(Captioned web images)
──────────────────────────────

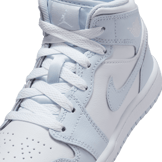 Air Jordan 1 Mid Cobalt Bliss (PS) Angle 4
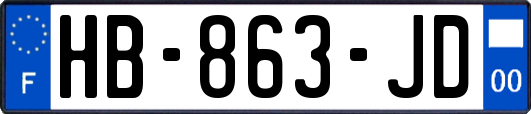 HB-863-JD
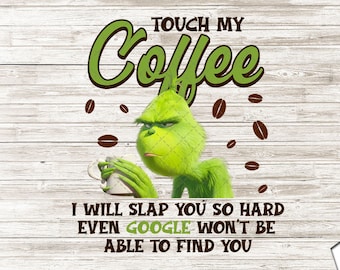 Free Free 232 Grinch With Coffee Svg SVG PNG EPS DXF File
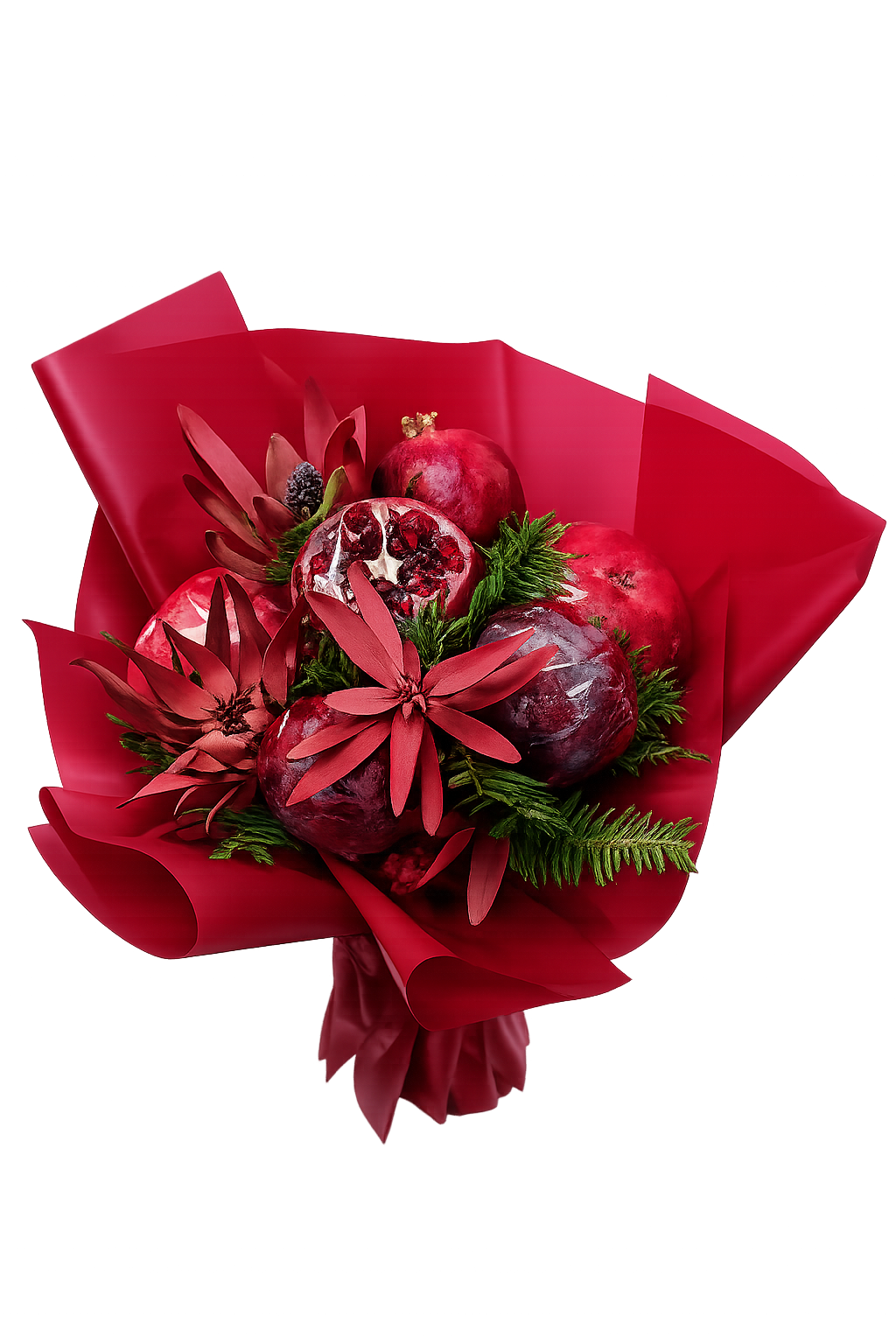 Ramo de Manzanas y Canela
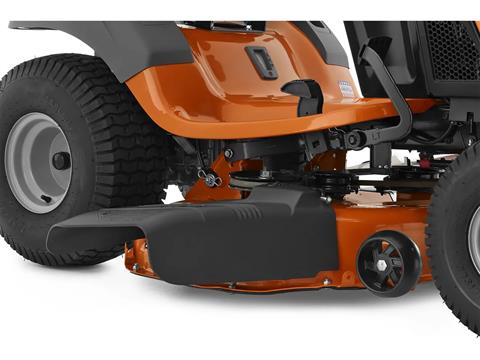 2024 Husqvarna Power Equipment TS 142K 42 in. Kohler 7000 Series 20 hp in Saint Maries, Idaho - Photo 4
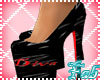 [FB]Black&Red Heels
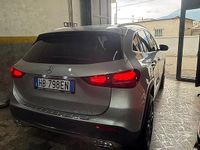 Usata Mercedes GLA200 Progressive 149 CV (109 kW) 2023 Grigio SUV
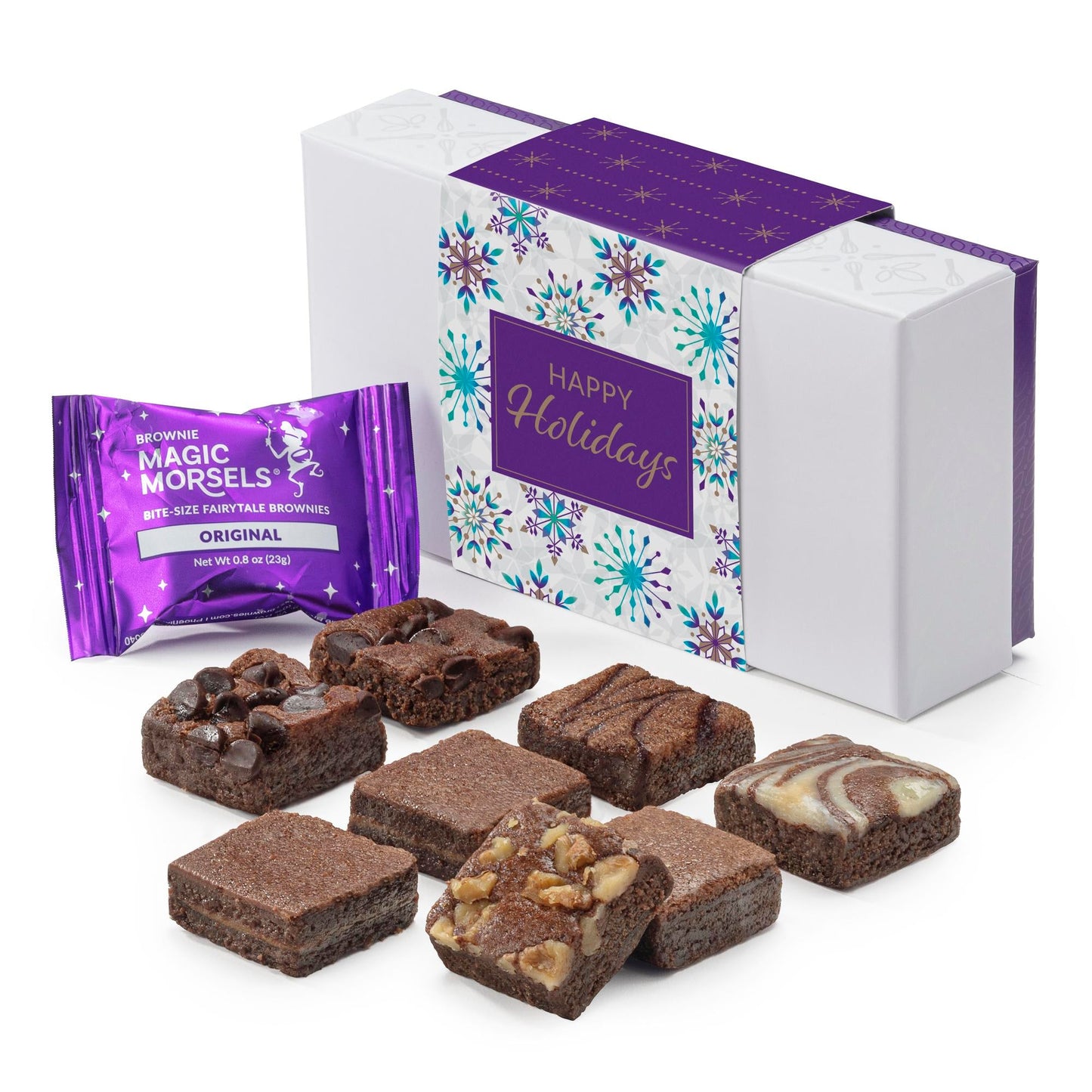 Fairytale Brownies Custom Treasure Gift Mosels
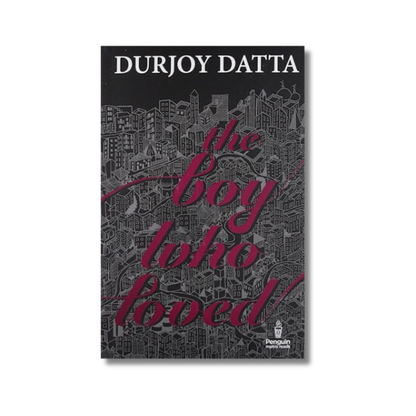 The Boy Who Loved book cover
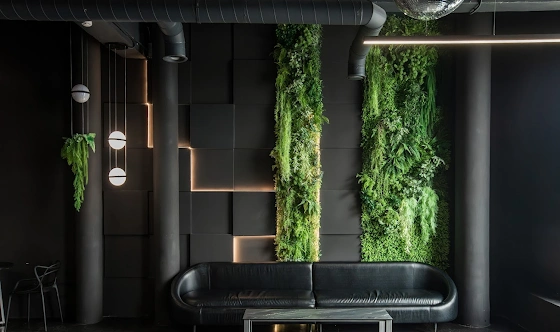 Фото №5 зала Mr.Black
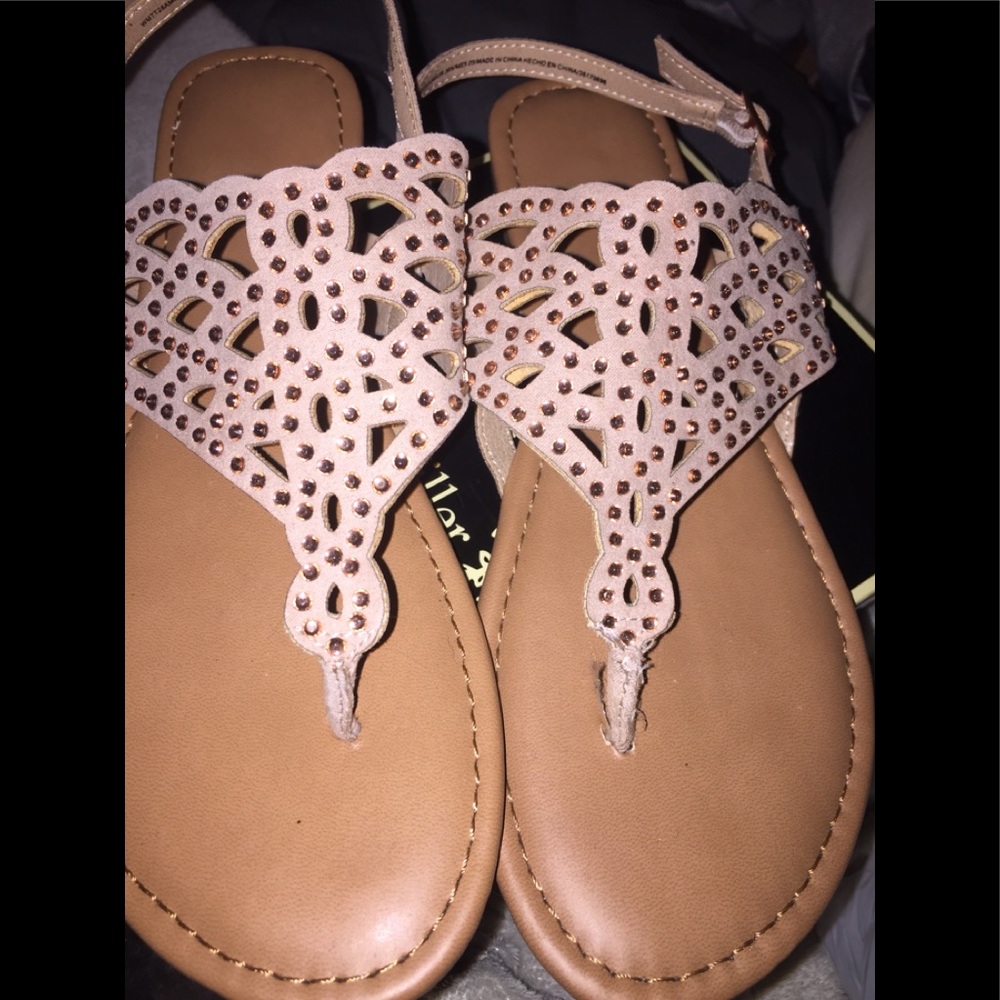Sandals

──────────────────────────────

WORK REQUIRED. Set down every record exactly as written, but drop the pictures.

TASK RESPONSE.
 Air Jordan 1 Mid Cobalt Bliss (PS) Angle 4
 HB-863-JD
 Free Free 232 Grinch With Coffee Svg SVG PNG EPS DXF File
 Ramo de Manzanas y Canela
 2024 Husqvarna Power Equipment TS 142K 42 in. Kohler 7000 Series 20 hp in Saint Maries, Idaho - Photo 4
 [FB]Black&Red Heels
 Usata Mercedes GLA200 Progressive 149 CV (109 kW) 2023 Grigio SUV
 Fairytale Brownies Custom Treasure Gift Mosels
 The Boy Who Loved book cover
 Фото №5 зала Mr.Black
Sandals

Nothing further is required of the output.